Medine döneminde inen ayetlerde, Mekke döneminde esas olan tevhidden, kendilerini Allah’a teslim edenlere “Müslüman ümmete” geçilir. Ayrıca, Müşriklerin batıl, yahudi ve hıristiyanların da değiştirilmiş dinlerine karşı, doğru dinin sağlam esasları “dinü’l hak” tabiriyle dile getirilip onun, diğer bütün din olgularına üstün kılınacağı müjdesi verilir. Yine medine döneminin çok dinli yapısı içinde, Allah katında geçerli olan hak dinin, “İslâm” olduğu, ondan başka dine yönelenin dininin kabul edilmeyeceği belirtilir. Bu dönemde inen ayetlerde, fitne (zulüm ve baskı) kalmayıncaya, insanlar Allah’a kulluk etmekte (dinde) tamamen özgür kalıncaya kadar savaşılması istenerek dinin Allah-insan ilişkisi yanında sosyal ilişkilerin de temel ölçüsü olduğu ortaya konulur. Bu açıklamalardan sonra şöyle bir genel sonuca varılabilir: Din kavramı, Mekke döneminde “tarihin akışına ve tabiatın gidişine yön veren, âleme ve zamana hükmeden, dini ortaya koyan, hesap gününü elinde tutan Allah’ın mutlak otoritesi”ni ifade ederken; Medine döneminde din kavramının muhtevası daha da genişletilerek, “kişinin Allah’a bağlı bir hayat sürdürmesi, Müslüman topluma karşı görevlerini yerine getirmesi, Allah’ın mutlak hakimiyete ve tasarrufa sahip olmasını” ifade eden bir kavram haline gelmiştir. Kuran da din kelimesiyle sadece müslümanların değil başkalarının inançları da ifade edilmiş olmakla beraber, yine de “İslâm” ile “din” âdeta eş anlamlı iki kelime gibi telâkki edilmiş ve bütün peygamberlerin getirdiği dinin “İslâm” olduğu belirtilmiştir.

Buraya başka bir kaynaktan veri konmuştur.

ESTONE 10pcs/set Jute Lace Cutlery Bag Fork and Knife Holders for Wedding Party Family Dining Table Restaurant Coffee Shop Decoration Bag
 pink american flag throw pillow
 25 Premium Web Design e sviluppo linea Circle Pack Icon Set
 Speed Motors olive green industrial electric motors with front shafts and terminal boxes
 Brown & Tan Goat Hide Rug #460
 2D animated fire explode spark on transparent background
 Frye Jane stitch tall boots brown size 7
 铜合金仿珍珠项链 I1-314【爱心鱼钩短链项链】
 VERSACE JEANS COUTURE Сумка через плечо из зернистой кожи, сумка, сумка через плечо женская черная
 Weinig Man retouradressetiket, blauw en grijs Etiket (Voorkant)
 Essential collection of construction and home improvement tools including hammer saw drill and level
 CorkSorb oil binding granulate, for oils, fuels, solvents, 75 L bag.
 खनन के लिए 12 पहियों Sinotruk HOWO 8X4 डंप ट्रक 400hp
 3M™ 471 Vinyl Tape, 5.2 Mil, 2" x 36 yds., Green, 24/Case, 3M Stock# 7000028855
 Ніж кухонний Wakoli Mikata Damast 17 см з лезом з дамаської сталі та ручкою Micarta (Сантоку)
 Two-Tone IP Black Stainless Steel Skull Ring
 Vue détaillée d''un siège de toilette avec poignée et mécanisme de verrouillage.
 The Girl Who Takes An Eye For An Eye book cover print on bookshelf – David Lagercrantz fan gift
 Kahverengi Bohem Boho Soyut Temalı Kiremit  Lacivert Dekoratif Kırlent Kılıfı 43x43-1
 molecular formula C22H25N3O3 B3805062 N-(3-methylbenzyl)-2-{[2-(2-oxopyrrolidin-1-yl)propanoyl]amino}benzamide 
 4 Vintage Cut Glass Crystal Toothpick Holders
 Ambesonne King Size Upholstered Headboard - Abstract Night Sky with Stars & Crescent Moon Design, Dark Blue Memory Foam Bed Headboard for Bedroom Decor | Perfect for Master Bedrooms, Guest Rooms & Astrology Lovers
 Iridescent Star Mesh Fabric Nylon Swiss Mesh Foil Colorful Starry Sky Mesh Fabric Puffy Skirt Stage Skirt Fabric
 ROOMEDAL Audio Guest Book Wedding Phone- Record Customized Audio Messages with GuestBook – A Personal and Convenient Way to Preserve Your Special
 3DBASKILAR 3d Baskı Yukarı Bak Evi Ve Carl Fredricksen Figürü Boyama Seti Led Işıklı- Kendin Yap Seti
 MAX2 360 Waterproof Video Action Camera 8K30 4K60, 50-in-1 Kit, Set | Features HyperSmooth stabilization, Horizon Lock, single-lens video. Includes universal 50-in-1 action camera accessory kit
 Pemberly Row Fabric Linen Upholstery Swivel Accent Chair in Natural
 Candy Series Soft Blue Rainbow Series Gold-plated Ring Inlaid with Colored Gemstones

Hak din, vahy kaynaklıdır. O, akıl üstüdür ama akıl dışı değildir. Bu yüzden hak dinin, akıl ve irade ile ilişkisi de vardır. Bu da, dinin bir irade ve tercih konusu olduğunu gösterir. Yine insanın benliği ile ilgili sentezlerin en kuşatıcısı dindir. Bunun için din, düşünce ile aydınlanmış, duygu ile canlanmış imanlı ve şuurlu bir eylemdir. Dinin, kişi ve toplum hayatına katmak istediği değerleri elde etmek için, inanmış insanların işbirliği yapmaları gerekir. Nitekim, bir dini topluluğun belirli bir inanca sadakat gösterip onun gereklerini yerine getirmesine “millet” denir.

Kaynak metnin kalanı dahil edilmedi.